[What you should do]:
If pictures appear, leave them out, and return exactly the lines from the one holding "with dipping chutneys." through the last line of the listing below.

[Given material]:
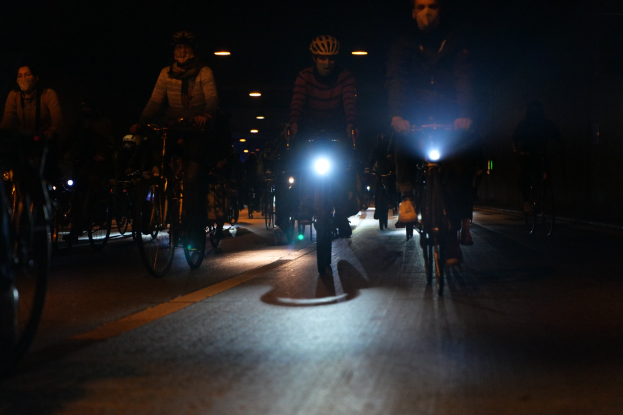 Eine Gruppe von Menschen, die nachts auf Fahrrädern eine Stadtstraße entlangfährt, trägt Helme und ist von Stadtlichtern beleuchtet.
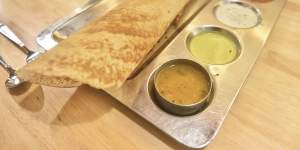 Gibson’s “excellent” masala dosa with dipping chutneys. 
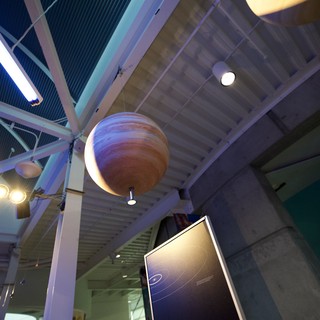 Illuminated Jupiter Model in Science Museum Exhibit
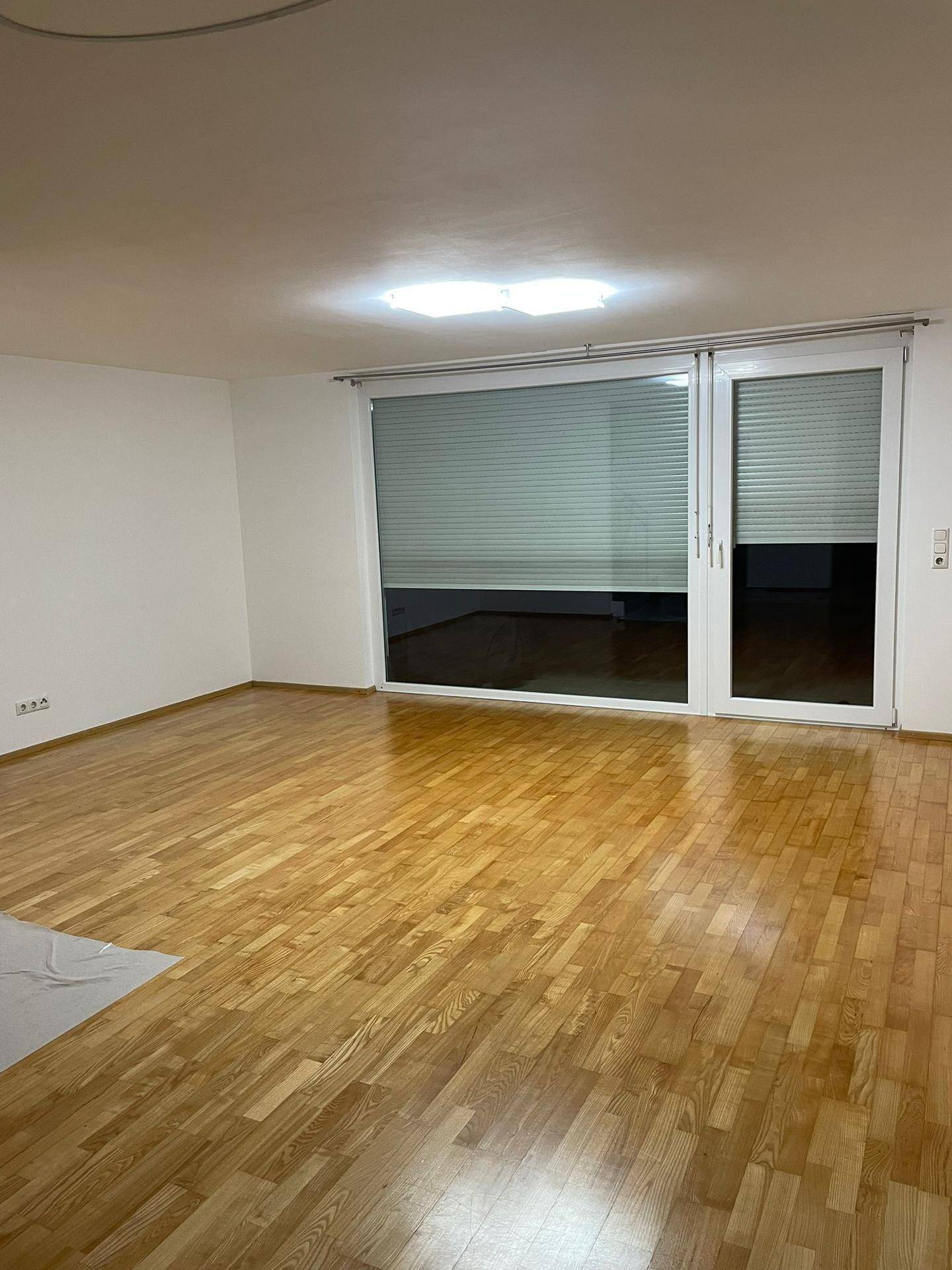 Helles, leeres Wohnzimmer mit hellem Holzparkett und großen Fenstern mit Jalousien.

[Output for this exercise]:
 Gibson’s “excellent” masala dosa with dipping chutneys. 
 Illuminated Jupiter Model in Science Museum Exhibit
 Helles, leeres Wohnzimmer mit hellem Holzparkett und großen Fenstern mit Jalousien.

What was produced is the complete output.